The interesting article "Smart working and data protection: how to reconciliate "lavoro agile" and privacy in an emergency context", published by Prof. Federico Bergaminelli on our Firm's web site, highlights how, very often, in emergency situations - such as the current one - one ends up operating through hasty VPN connections to company servers, with fictitious "do-it-yourself security" measures. Often in total lack of a clear company policy for the use of technologies outside the company walls.

There is also the risk of overworking.

By using their own personal devices benches to work, the smart worker risks remaining in fact always connected with the company, losing track of the time spent at work. By performing in a largely isolated manner, the worker will naturally be led to a constant search for feedback from the employer and colleagues. There may be cases of unstable connection, difficulties in the use of technology, as well as other problems that can reduce productivity and cause depression.

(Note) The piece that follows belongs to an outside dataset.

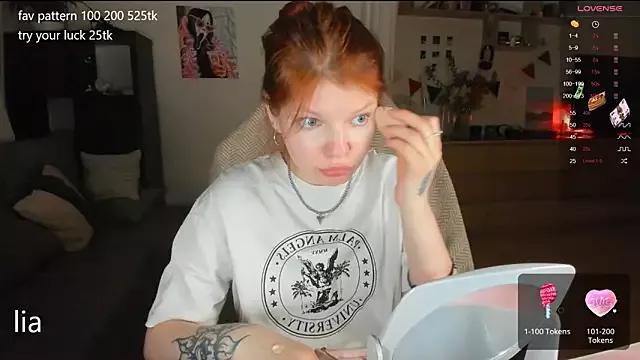 lil_lia on StripChat 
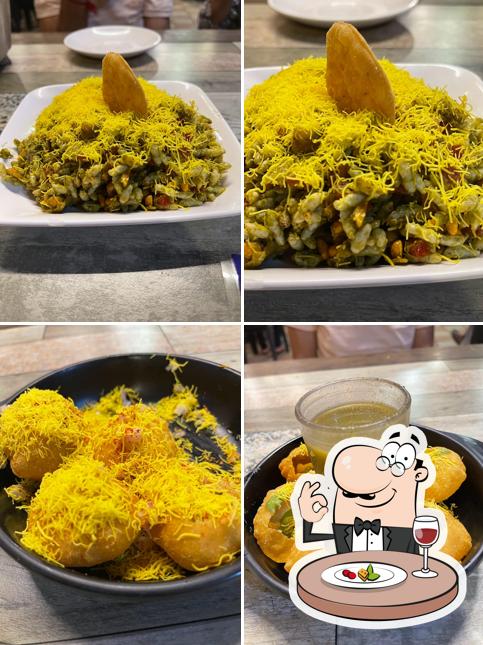 Meals at PAANI TO PURI STATION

Both these risk factors can be mitigated, as Prof. Bergaminelli observed, "if smartworking does not remain an initiative aimed only at workers but becomes a real cultural revolution towards digital also for the employer. New models of organization and business management that address the problems, compliant and shared must be adopted".

The company must therefore equip itself with an adequate management system for the protection of personal data, in accordance with Regulation (EU) 2016/679 (GDPR) and Legislative Decree 196/2003, after analysis of the specific risk by means of privacy impact assessment and with the adoption of proportionate security measures. The management system must be integrated with a specific policy for smartworking and the use of digital technologies outside the company.

The employer must also provide smart workers with specific training on the correct use of technology, with a preference for the use of company devices where possible. It must also encourage work organisation that is capable of reconciling life and work time, facilitating reporting and providing frequent feedback to staff.

Well, to have "smart workers" you need above all "smart entrepreneurs", aware of the strategic importance of proper business organization and management, supported by the advice of specialized professionals, especially to deal with delicate and complex phases such as the one that the productive economy is going through.